Valdez sets up with a wide base to give him balance at the dish but does not step into the pitch with his lower half, forcing his upper to do a lot of the work.
He has an uppercut to his swing that the Padres are trying to level out and his bat head swirls around as he prepares for the pitch, sometimes causing his timing to be late.
There are questions about whether Valdez has the instincts to stick at shortstop. He is not sure-handed defensively. He is stiff with his hands and will boot balls off his glove because he does not watch it into his mitt or cradle the ball as it arrives to give a softer landing.

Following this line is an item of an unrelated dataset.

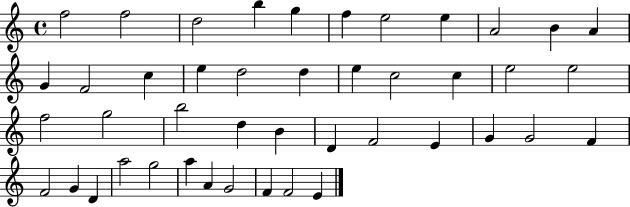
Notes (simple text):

F5/h F5/h D5/h B5/q G5/q F5/q E5/h E5/q A4/h B4/q A4/q G4/q F4/h C5/q E5/q D5/h D5/q E5/q C5/h C5/q E5/h E5/h F5/h G5/h B5/h D5/q B4/q D4/q F4/h E4/q G4/q G4/h F4/q F4/h G4/q D4/q A5/h G5/h A5/q A4/q G4/h F4/q F4/h E4/q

"He needs a lot of work defensively," former AZL manager and current roving hitting coordinator Tony Muser said. "He played every single day. He probably led the club in at bats and got tired. It is the first time in his life he experienced playing every day and playing with fatigue. I think that wore on his performance late in the season."
He has a strong arm from the hole but often rushes his throws instead of setting his feet and putting his body in good position towards first base.
"He improved significantly in the field," said Crespo. "He started out shaky out there. That comes with age. He is 18 or 19 and his first time here."
Valdez is adept at turning the double play and does not shy away from contact while also displaying solid range to make plays to either side. If he can calm down and learn balance when he throws, shortstop could become the position he settles into.
Valdez has good speed and is a consistent 4.0-4.1 runner to first base. He swiped 11 bags in 14 attempts this past year and is capable of stealing 20-30 bases a year on a consistent basis. He is an aggressive runner that will take an extra base and the decision to try for third is made quickly and without hesitation.
"He has power," Muser began. "He is very quick. The same range as Cumberland with his running speed – he gets down the line at 4.1 consistently. He has very good potential."
ETA: Valdez has a lot of flaws in his game but undeniable athleticism. He can become a very good player with time. Valdez hits the ball hard when he connects and has significant raw power nestled in a body that has yet to reach its full potential. The 2008 season should be a good barometer of how he will fare in the future.